Diversity, Equity, Inclusion, and Belonging
Getting good at Diversity, Equity, Inclusion, and Belonging (DEIB) isn’t just about hiring people from different backgrounds. It means making sure that formal and informal programmes, policies, and processes support equity, inclusion, and a sense of belonging in every part of an employee’s life.
So, all of the above metrics can be looked at through the DEIB lens. Also, diversity, fairness, being included, and feeling like you belong are all different things that should be measured in different ways. Here is a quick summary:
- Diversity: Diversity is made up of the many things that make people unique and different from each other. It can be measured by collecting and analysing demographic information at all levels of the organisation, then figuring out where there are gaps or places where people aren’t represented enough.
- Equity + Inclusion: Equity and inclusion is about being fair to other people. It’s not the same as treating everyone the same, which is what equality means. Inclusion is a set of actions that recognise, respect, and welcome differences. Equity and inclusion can be measured by looking at how different groups of people are represented from before an employee is hired until they retire. Analyzing E&I also involves a careful look at benefits plans, employee handbooks, processes for making reasonable accommodations, and other HR policies to make sure that all employees are treated in a fair and inclusive way. This information may include ties. This data may show how talent acquisition, performance management, learning management, the human resource information system (HRIS), and other systems work together.
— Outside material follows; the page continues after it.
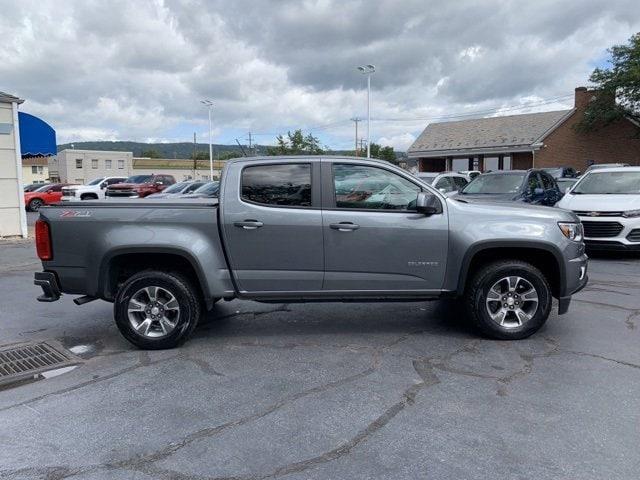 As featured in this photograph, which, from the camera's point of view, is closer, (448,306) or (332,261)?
(332,261)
- Belonging: Belonging is a state of mind and emotion in which you feel seen, valued, and supported for being yourself. Belonging is a qualitative concept that can be measured with sentiment surveys and other tools that try to capture how employees feel at a given time.
It’s great to have an action plan that is based on data, but what good is it if the rest of the leadership team doesn’t agree with it? Attaching HR analytics to business goals is the best way to get the rest of the executive team on board with your data-driven, strategic HR projects.
By measuring the right things, you can find threats to the organisation and ways to improve employee performance, engagement, and productivity. All of these things are directly related to business performance, customer satisfaction, sales, and other KPIs.
If you can show that the data-driven strategy you want to implement will have an effect on these metrics and help the organization’s vision, mission, and values come to life, other executives will listen.
Still, it is your job to make these connections clear and, whenever possible, back them up with data. Lean on your technology partners, like your HRIS or performance management tools, to learn how to use data and dashboards to make business cases for investments you want to make.